News Turkey to sell Boydak family’s textile giant Boyteks seized after 2016 coup...

Turkey to sell Boydak family’s textile giant Boyteks seized after 2016 coup attempt

Turkey’s state-run Savings Deposit Insurance Fund (TMSF) has put Boyteks Tekstil, one of the country’s largest textile manufacturers, previously owned by the Boydak family, up for sale as part of its ongoing liquidation of assets seized after a coup attempt in 2016, Turkish Minute reported, citing the Velev news website.

According to the announcement of a tender published in the Official Gazette, the Treasury-owned Boyteks Tekstil will be sold in full through a process combining sealed bids and an open auction. The company has a preliminary valuation of 14.3 billion Turkish lira ($329 million).

The tender requires prospective investors to post a participation guarantee of 700 million lira ($16 million), pay 300,000 ($6,900) lira for tender documents and an additional 1.5 million lira ($34,500) for data room access and site visits.

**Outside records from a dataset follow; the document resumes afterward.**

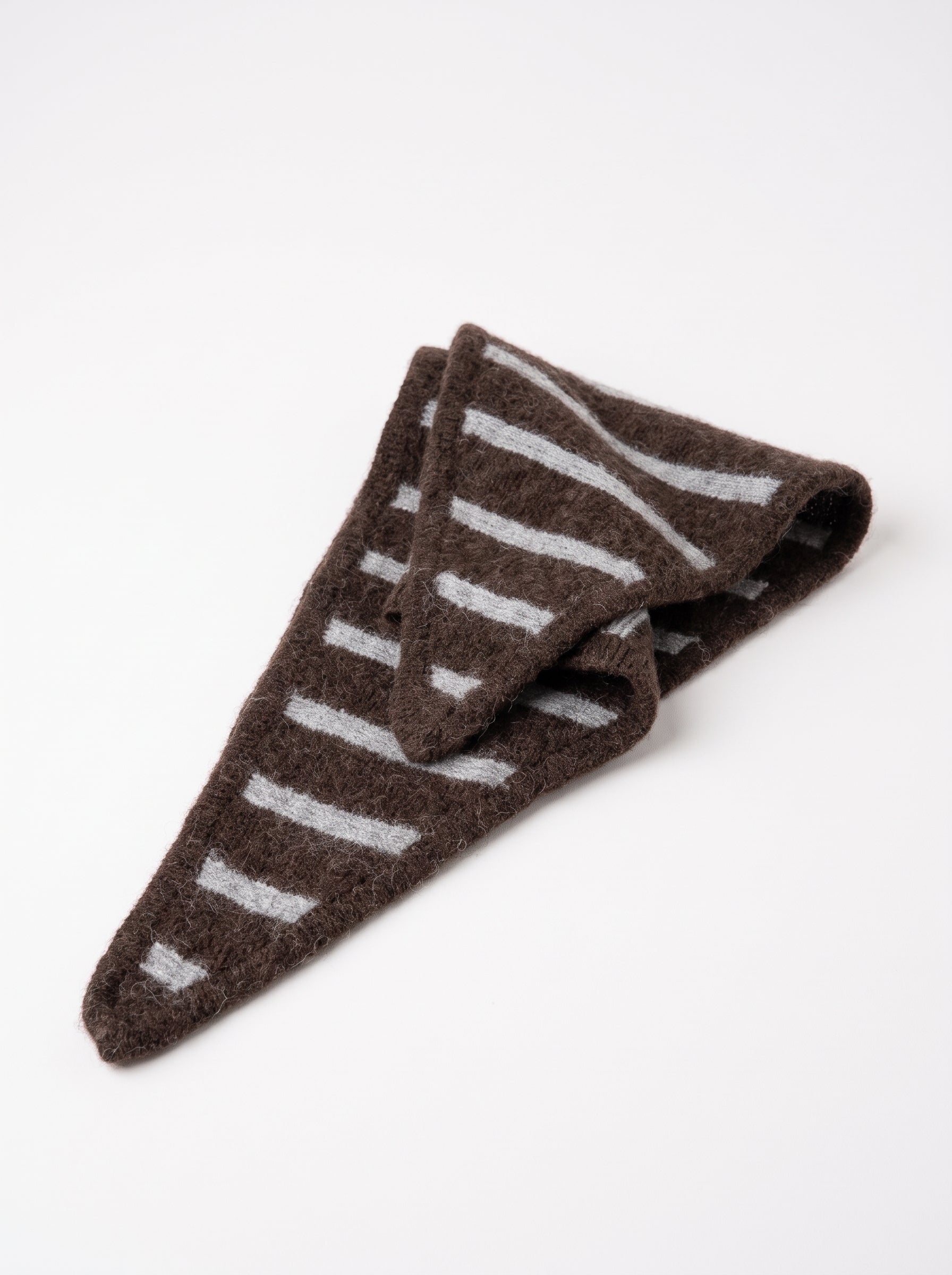 Frida Brown Neck Scarf - Näz-Sustainable Fashion Made in Portugal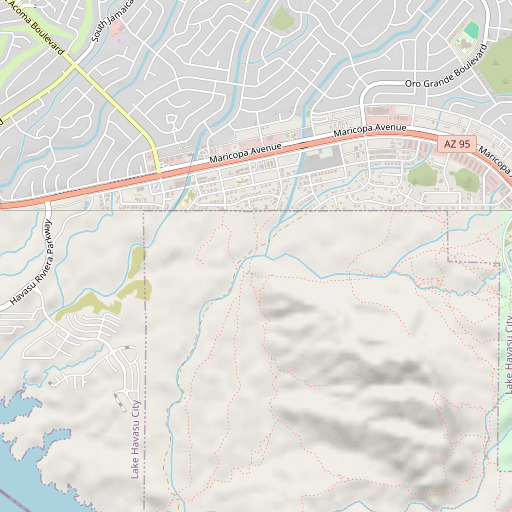 OpenStreetMap map of Chesapeake Wash, AZ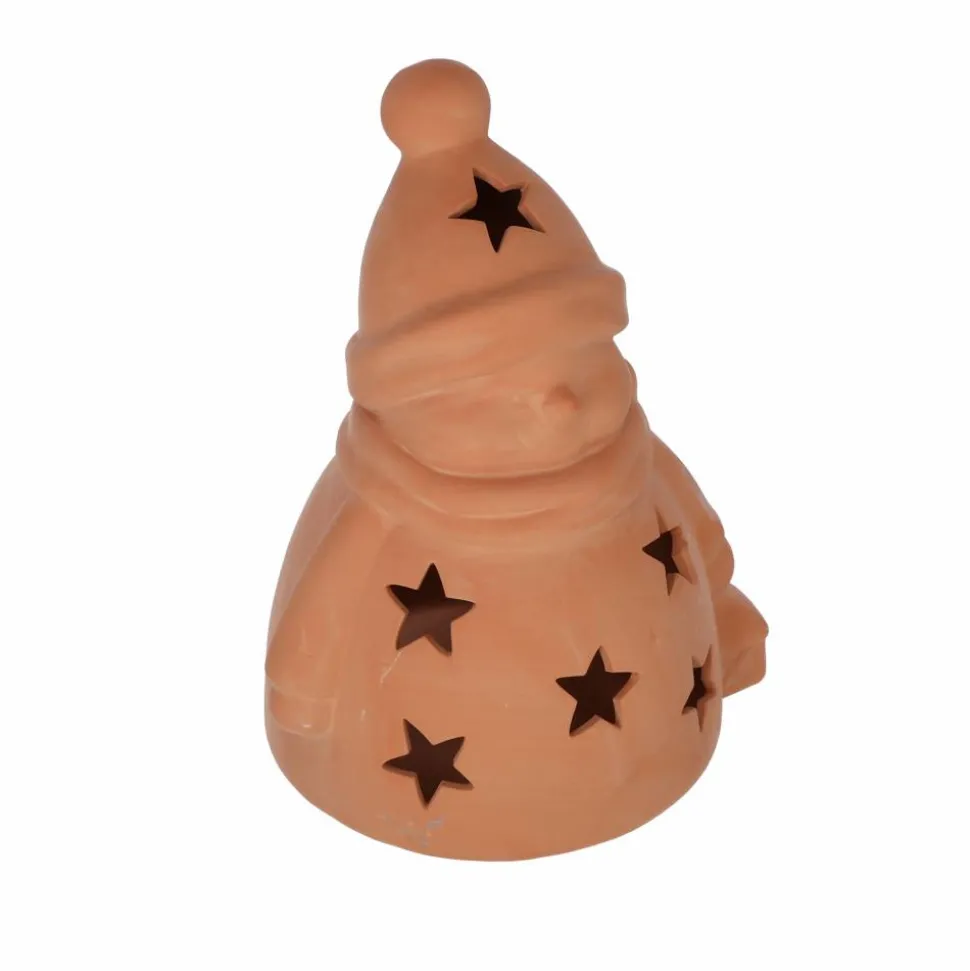 Deko-Schneemann aus Ton 29 cm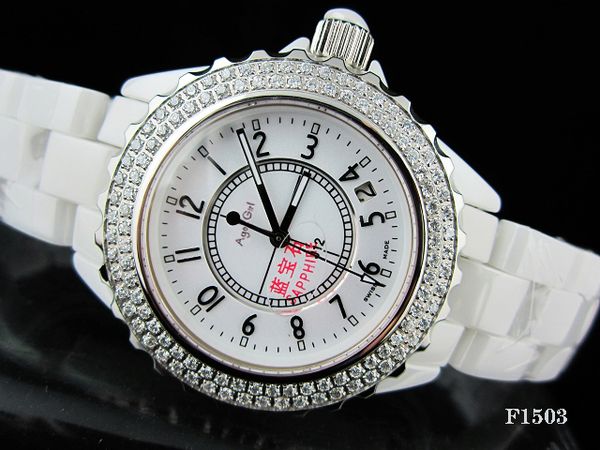 brand new luxury ceramic 2 row diamonds bezel ladies watches mens women ceramica fashion white black rhinestone quartz watch, Slivery;brown
brand new luxury ceramic 2 row diamonds bezel ladies watches mens women ceramica fashion white black rhinestone quartz watch, Slivery;brown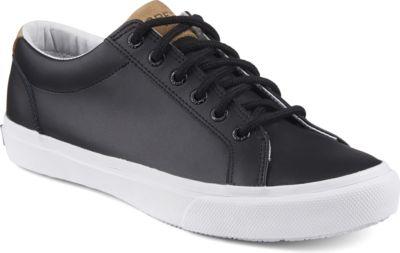 Sperry Striper Leather Lace-up Sneaker Black, Size 7.5m Men's Shoes
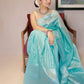 Woman's Silk Festival Wear Beautiful Rich Pallu & Jacquard Work On All Over The Saree With Unstiched Blouse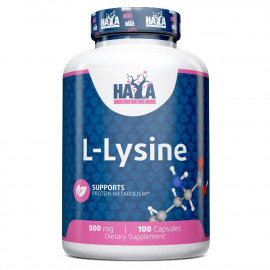 L-Lysine 500 mg  - 100 Vcaps 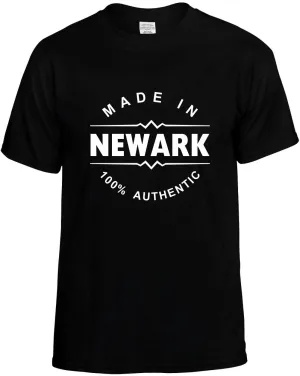 Made in Newark Unisex T-Shirt Novelty Graphic Tee Shirt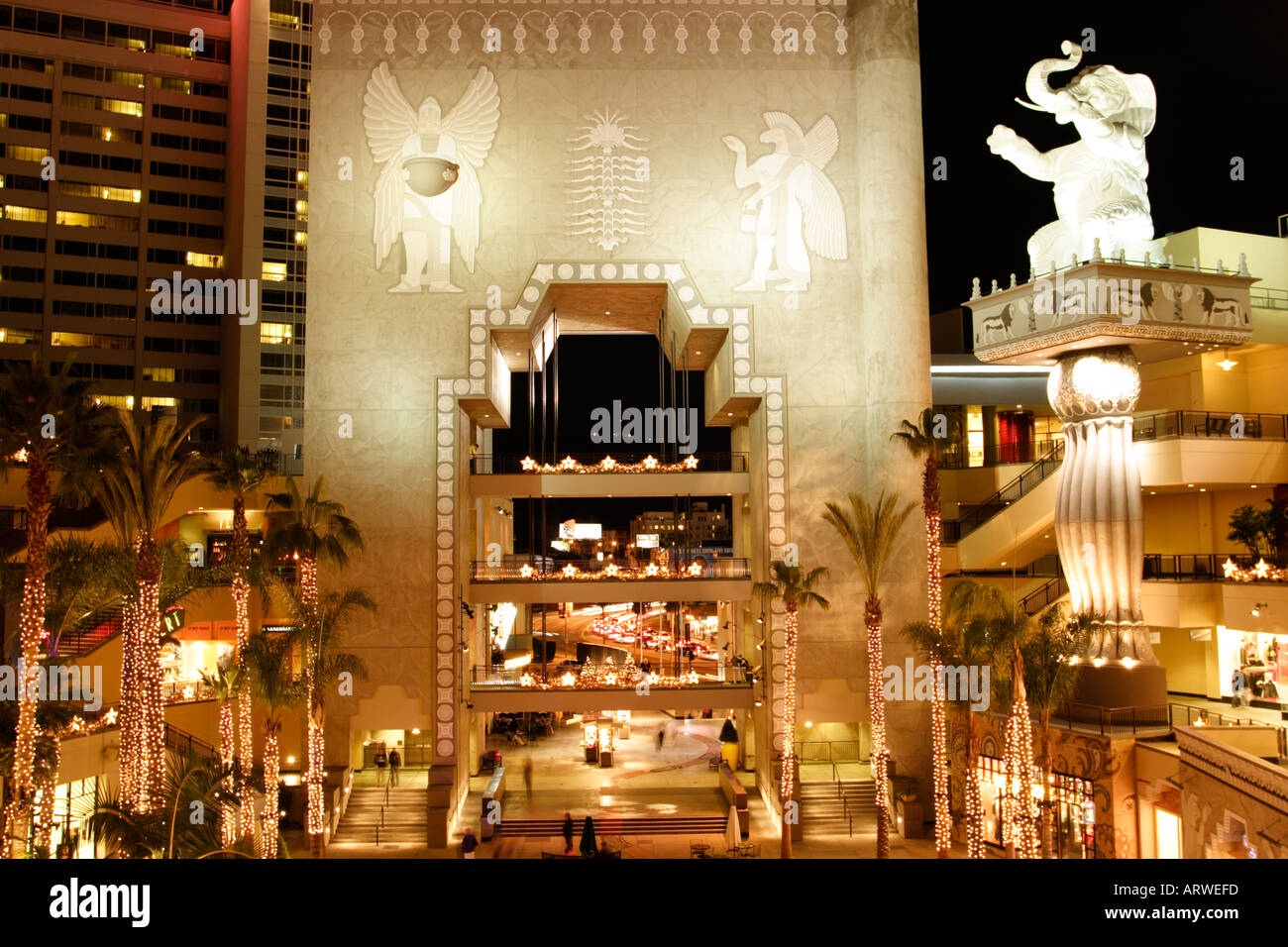 Babylon Court Hollywood and Highland Shopping Mall Hollywood Boulevard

The deadline for submitting sealed bids is March 30, 2026, with the open auction scheduled for March 31 at 10:00 a.m. at the TMSF’s headquarters in İstanbul, according to Velev.

Boyteks operates under Erciyes Anadolu Holding, which was formed after the state seized the Boydak family’s businesses in the aftermath of the July 15, 2016, coup attempt.

The tender comes as the TMSF continues to liquidate assets once belonging to Boydak Holding, a central Anatolia-based conglomerate that grew into a major player in furniture, textiles and energy before being seized by the state in August 2016 over alleged ties to the faith-based Gülen movement.

In September 2025 the TMSF completed the sale of HES Kablo, one of Turkey’s largest cable producers, after several failed tenders amid declining valuations. Earlier, the fund sold Bellona, a flagship furniture company of the group, for billions of lira.

Turkish President Recep Tayyip Erdoğan has been targeting followers of the Gülen movement, a faith-based group inspired by the late Muslim scholar Fethullah Gülen, since the corruption investigations of December 17-25, 2013, which implicated then-prime minister Erdoğan, his family members and inner circle.

Dismissing the investigations as a Gülenist coup and conspiracy against his government, Erdoğa began to target the movement’s members and designated it as a terrorist organization in May 2016. He intensified the crackdown on the movement following the coup attempt of the same year that he accused Gülen of masterminding. The movement strongly denies involvement in the coup attempt or any terrorist activity.

Following the failed coup, the Justice and Development Party (AKP) government launched a massive purge targeting real and alleged members of the movement under the pretext of an anti-coup fight, removing over 130,000 people from civil service jobs.

Boydak Holding, one of the largest conglomerates in Turkey, was active in a number of sectors, including energy, furniture and banking, with 38 subsidiaries. The holding had an annual turnover of more than $2 billion and employed over 13,000 people before it was confiscated. Its chairman, Hacı Boydak, and CEO Memduh Boydak were arrested in March 2016, months before the coup attempt, on charges of supporting the Gülen movement. In 2018 Turkish courts sentenced Memduh Boydak to 18 years in prison and Hacı Boydak to nearly 12 years. Their convictions were upheld by the Supreme Court of Appeals in 2023, and they remain in prison along with other Boydak executives.

The AKP also seized schools, universities, media outlets, companies and their buildings and the assets of individuals, corporations and organizations that were believed to have had ties to the Gülen movement.

More than 1,100 companies have been transferred to Turkey’s TMSF, most of them following the failed coup. Journalists from confiscated newspapers and TV stations have been arrested, replaced and jailed.